This bride worked with me for 6 months. She wrote this blog 3 months after her wedding.
Dear Newly Engaged Me:
First, slow down. Enjoy getting engaged. Let it really sink in. Float on Cloud 9 for a while.
Do not listen to everyone who says you must run out and pick a venue a year in advance. It’s simply not true.
Enjoy ring shopping.
It’s the best part of the wedding-planning process, because you’re the only one involved.
Your opinion is the only one you’re hearing. It won’t always be like that.
Everyone will have an opinion — simply. everyone. Your boss, co-workers, cashiers at the grocery store, every sales person in the wedding industry. Everyone seems to have opinions about everything.
Educate yourself about what’s normal — but not talked about.
Your engagement will be a wild ride, emotionally.
You will be exhausted, emotionally, early on. Be nice to yourself, take a step back, don’t think about the wedding for a while. Take a break, you will need it.

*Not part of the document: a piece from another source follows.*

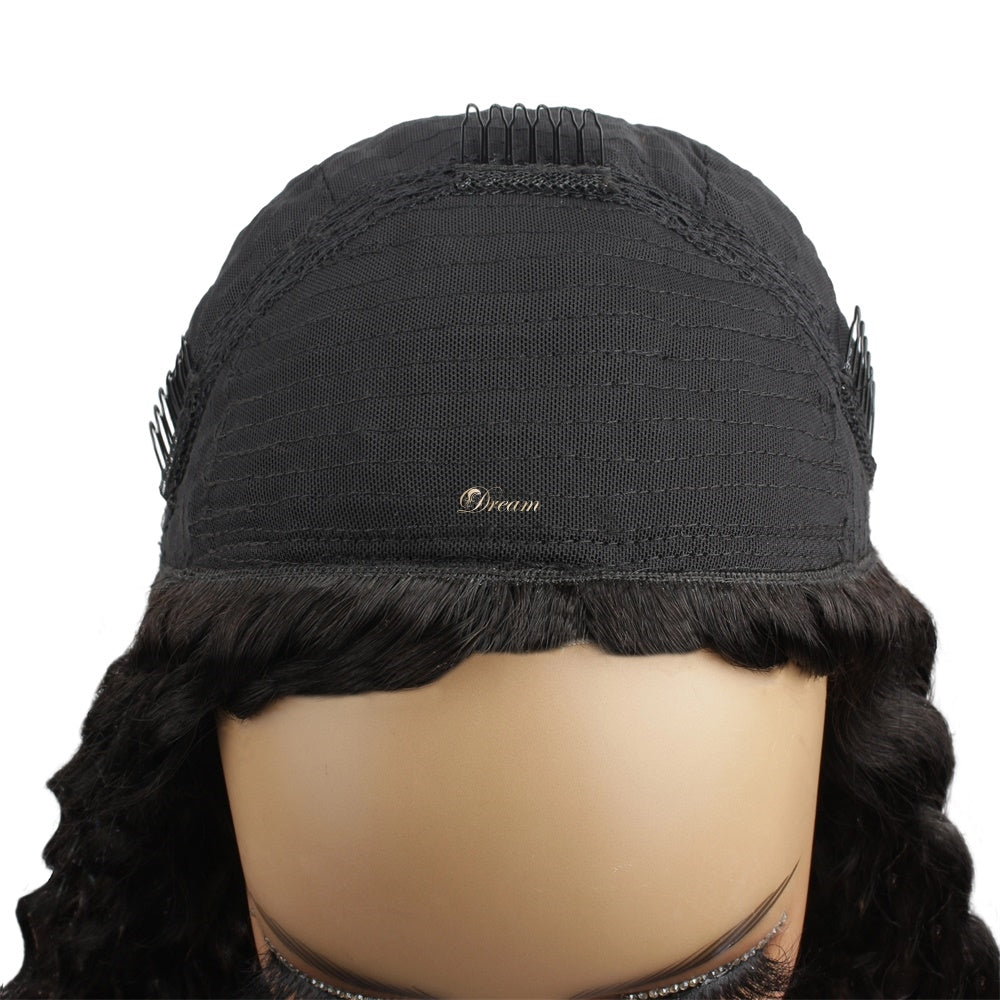 200% 3 In 1 Curly Texture Breathable Cap Half Wig Natural Color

Read and re-read Allison’s book, Emotionally Engaged: A Bride’s Guide to Surviving the “Happiest” Time of Your Life again and again and watch the Happy Bride’s Secret Toolkit videos. Educate yourself on what’s normal for brides-to-be to feel, but not talked about.
Let go of any expectations you may have. You won’t be able to anticipate what happens next.
The budget will scare the pants off you.
Everything will cost more than you anticipate.
Your fiancé will have no idea where all the money went … you won’t either.
The ups and downs will come early and often — often from the people who mean the most to you: your family.
Your wedding isn’t just about you and your fiance; it’s a big day — and a big deal — for your family too.
They are seeing it as losing a daughter, their daughter is all grown up, and that their family is changing.
It’s hard for them after 28 years to make this shift. Be patient. Be kind.
Understand that their hurtful words are the way your family deals with sadness. It’s easier for them to be mean than feel vulnerable and sad.
In their own dysfunctional way, what your family’s really saying: “We love you. Please don’t go.”
The comments they make about your fiancé: don’t let them hold water. They aren’t, at the core of it, directed toward him. Again, it’s their way to express their sadness through anger.
Unconsciously, they’re hoping that by saying lots of mean things, they can change your mind about getting married. That way, they don’t have to make room for a new son, and the family doesn’t have to change from it’s current state of just parents-and-adult-kids.
Do not let your family influence how you feel about your fiancé.
He could not be more perfect for you.
He would jump through a ring of fire for you if it would bring a smile to your face.
Try not to let your family’s negative comments get to you. But they probably will, I’m sorry to say. At some point, you will be so confused that you will panic a bit when anyone mentions him or you think about him, you will even just look at him and cry.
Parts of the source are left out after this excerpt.